I have read every single comment on this thread and I am facing this issue since I switched to Windows 11 (clean install), not sure if it's connected but that's what happened to me.

I have read a lot of comments mentioning that this could be an issue of our machines or a specific config. Not being an IT expert I tend to disagree since we have a lot of people facing this issue and started approximately in the same time period...

I strongly believe this is something that can be adjusted/fixed in the vPilot source code and that a new version can cover this up...

In the beginning, in order to have vPilot connected, I was just restarting my pc and everything would work just fine and vPilot would connect again.
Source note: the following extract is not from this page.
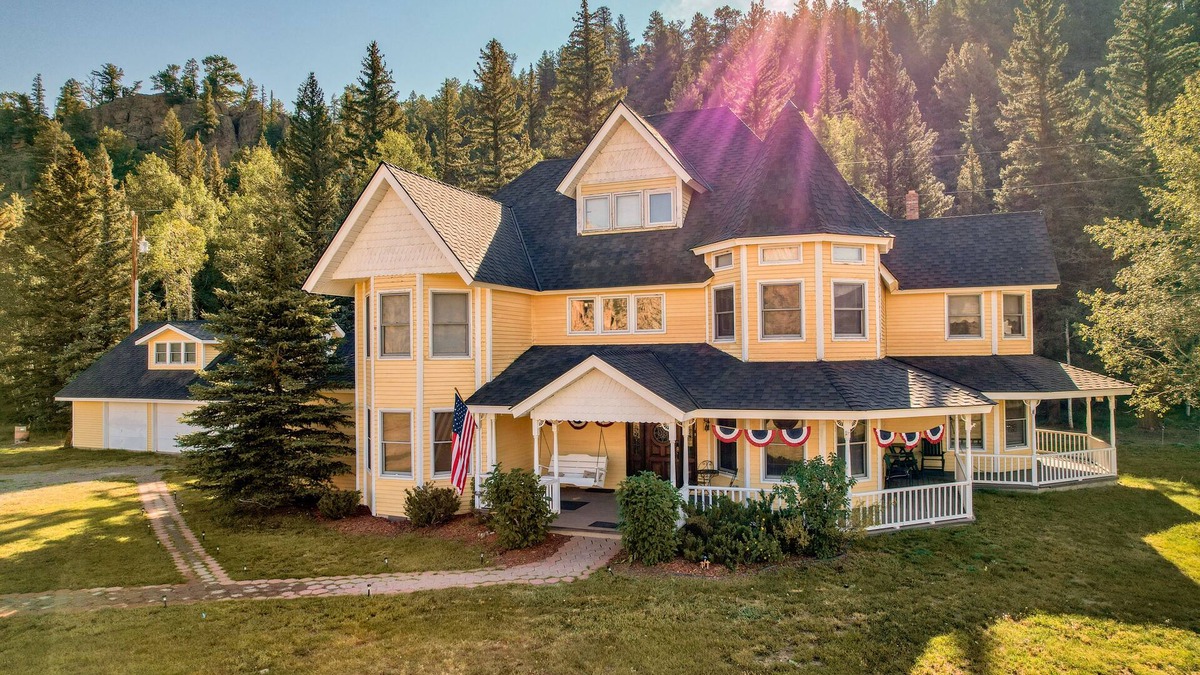 South Fork House | Dog-friendly mansion with antique decor, WiFi, and gas fireplace - near skiing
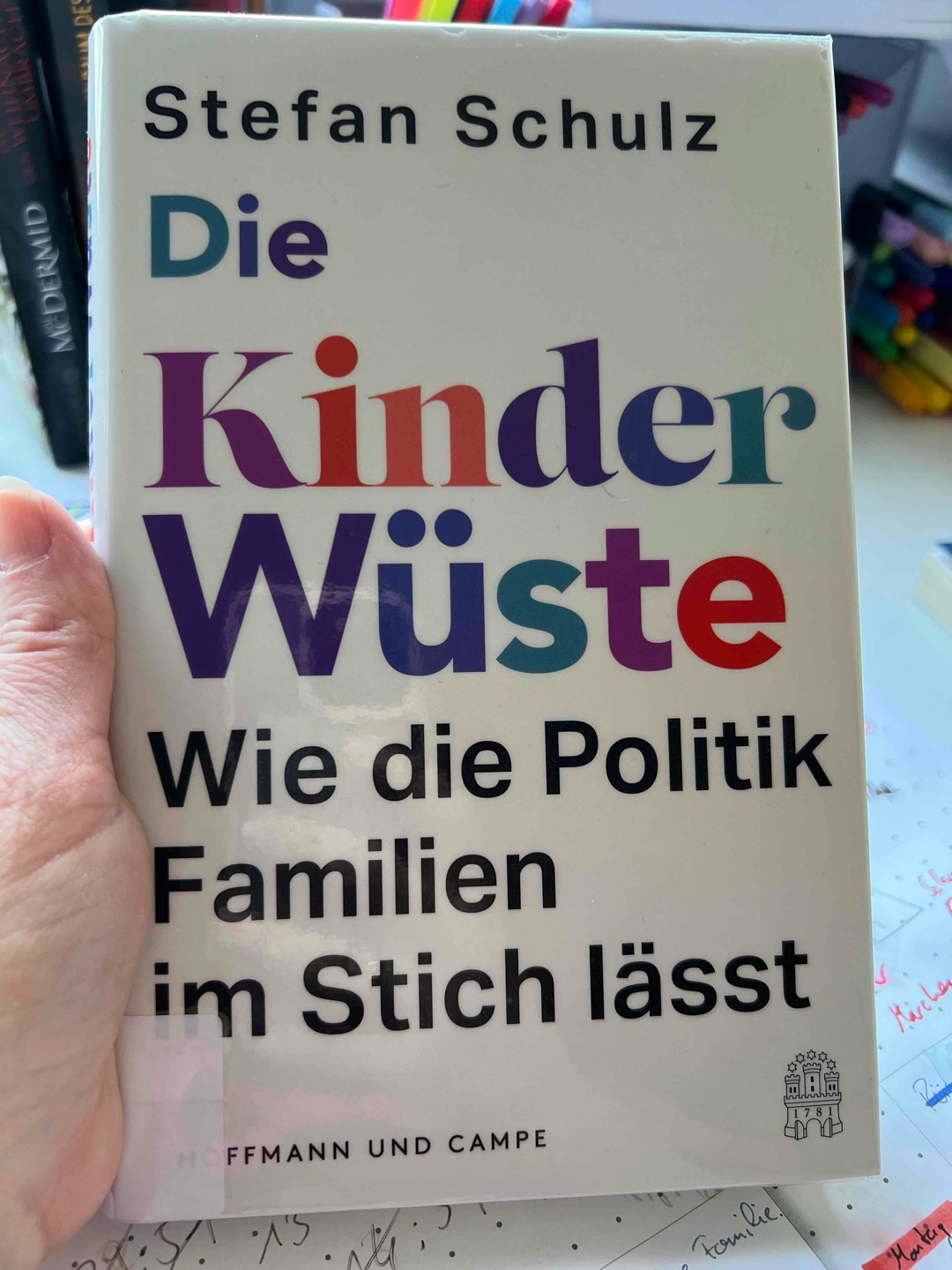 Interessante Ansätze und man kommt ins Grübeln. Wobei es mir schon seit langem klar ist, das die Politiker*innen die Familienpolitik einfach außen vor lassen.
But that's a pain, since you need to wait for the sim to load again. Now, I am still facing this issue but it became easy to work around... I have a VPN service (Surshark in my case), and the only thing I need to do if vPilot is failing on the authentication part, is to connect my VPN and disconnect right after and then vPilot connects like a charm 🙂

Hope I have helped and please consider to take a look on the vPilot code, a lot of people is facing this in a short period of time.

Thanks

The reason people started having this issue at the same time is because vPilot switched to VATSIM's new more secure method of authentication, with version 3. This new method is required by VATSIM for all clients to use going forward. This is a good thing because your password is sent to VATSIM in a much more secure manner. Switching back to the old way is not an option.

The issue is that the new authentication mechanism is accessed over IPv6, which is a newer, more-modern protocol for addressing servers. If the user's computer, router, or ISP has faulty IPv6 support, then the authentication fails with the error that you are seeing.

My best guess is that the issue has to do with the IPv6 IP address that has been assigned to your computer by your router. I believe that that IP address becomes invalid after some time passes. This is just a theory, but it is a theory that fits the facts. Most users can resolve the issue by rebooting their PC, or their router, and this may cause your PC to be assigned a new IPv6 address. Manipulating your VPN connection as you describe likely has the same side effect.

In any event, it's not a problem in vPilot's code. The vast majority of users have no issues. That being said, I am still looking for ways to make vPilot detect when the user has faulty IPv6 connectivity, and have it fall back to the old IPv4 protocol. I don't know if or when I'll be able to implement such a workaround in vPilot.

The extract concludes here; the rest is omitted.